Dataset records

◇ ◇ ◇ ◇ ◇ ◇ ◇

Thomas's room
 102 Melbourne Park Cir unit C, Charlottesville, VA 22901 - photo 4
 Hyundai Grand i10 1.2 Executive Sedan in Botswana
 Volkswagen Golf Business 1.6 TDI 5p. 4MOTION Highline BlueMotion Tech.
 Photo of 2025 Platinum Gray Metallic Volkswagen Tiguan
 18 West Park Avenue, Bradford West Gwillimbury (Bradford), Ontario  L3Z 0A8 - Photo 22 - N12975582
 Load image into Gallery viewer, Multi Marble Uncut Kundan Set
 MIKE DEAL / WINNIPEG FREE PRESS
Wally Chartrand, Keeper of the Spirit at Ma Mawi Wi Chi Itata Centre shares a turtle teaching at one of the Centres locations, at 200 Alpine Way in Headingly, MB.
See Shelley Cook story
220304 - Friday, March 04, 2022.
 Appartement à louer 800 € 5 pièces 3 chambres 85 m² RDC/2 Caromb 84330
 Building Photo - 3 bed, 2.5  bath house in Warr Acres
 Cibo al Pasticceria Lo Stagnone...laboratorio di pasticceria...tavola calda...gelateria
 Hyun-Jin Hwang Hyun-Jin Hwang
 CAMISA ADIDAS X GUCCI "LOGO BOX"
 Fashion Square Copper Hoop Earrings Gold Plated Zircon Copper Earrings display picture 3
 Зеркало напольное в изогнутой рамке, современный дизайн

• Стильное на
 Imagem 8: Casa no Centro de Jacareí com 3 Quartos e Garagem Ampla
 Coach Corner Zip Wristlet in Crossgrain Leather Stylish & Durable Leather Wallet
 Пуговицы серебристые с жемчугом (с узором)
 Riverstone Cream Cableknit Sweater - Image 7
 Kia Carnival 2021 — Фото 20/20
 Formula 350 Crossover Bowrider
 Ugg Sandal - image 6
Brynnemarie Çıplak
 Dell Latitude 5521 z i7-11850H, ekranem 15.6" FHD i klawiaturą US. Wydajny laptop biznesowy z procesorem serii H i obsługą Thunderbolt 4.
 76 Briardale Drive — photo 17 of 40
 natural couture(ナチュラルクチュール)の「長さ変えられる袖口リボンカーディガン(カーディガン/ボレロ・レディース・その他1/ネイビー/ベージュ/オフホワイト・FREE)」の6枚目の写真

◇ ◇ ◇ ◇ ◇ ◇ ◇

## Problem to solve
Each record above has to be repeated word for word.

## Response for this exercise
Thomas's room
 102 Melbourne Park Cir unit C, Charlottesville, VA 22901 - photo 4
 Hyundai Grand i10 1.2 Executive Sedan in Botswana
 Volkswagen Golf Business 1.6 TDI 5p. 4MOTION Highline BlueMotion Tech.
 Photo of 2025 Platinum Gray Metallic Volkswagen Tiguan
 18 West Park Avenue, Bradford West Gwillimbury (Bradford), Ontario  L3Z 0A8 - Photo 22 - N12975582
 Load image into Gallery viewer, Multi Marble Uncut Kundan Set
 MIKE DEAL / WINNIPEG FREE PRESS
Wally Chartrand, Keeper of the Spirit at Ma Mawi Wi Chi Itata Centre shares a turtle teaching at one of the Centres locations, at 200 Alpine Way in Headingly, MB.
See Shelley Cook story
220304 - Friday, March 04, 2022.
 Appartement à louer 800 € 5 pièces 3 chambres 85 m² RDC/2 Caromb 84330
 Building Photo - 3 bed, 2.5  bath house in Warr Acres
 Cibo al Pasticceria Lo Stagnone...laboratorio di pasticceria...tavola calda...gelateria
 Hyun-Jin Hwang Hyun-Jin Hwang
 CAMISA ADIDAS X GUCCI "LOGO BOX"
 Fashion Square Copper Hoop Earrings Gold Plated Zircon Copper Earrings display picture 3
 Зеркало напольное в изогнутой рамке, современный дизайн

• Стильное на
 Imagem 8: Casa no Centro de Jacareí com 3 Quartos e Garagem Ampla
 Coach Corner Zip Wristlet in Crossgrain Leather Stylish & Durable Leather Wallet
 Пуговицы серебристые с жемчугом (с узором)
 Riverstone Cream Cableknit Sweater - Image 7
 Kia Carnival 2021 — Фото 20/20
 Formula 350 Crossover Bowrider
 Ugg Sandal - image 6
Brynnemarie Çıplak
 Dell Latitude 5521 z i7-11850H, ekranem 15.6" FHD i klawiaturą US. Wydajny laptop biznesowy z procesorem serii H i obsługą Thunderbolt 4.
 76 Briardale Drive — photo 17 of 40
 natural couture(ナチュラルクチュール)の「長さ変えられる袖口リボンカーディガン(カーディガン/ボレロ・レディース・その他1/ネイビー/ベージュ/オフホワイト・FREE)」の6枚目の写真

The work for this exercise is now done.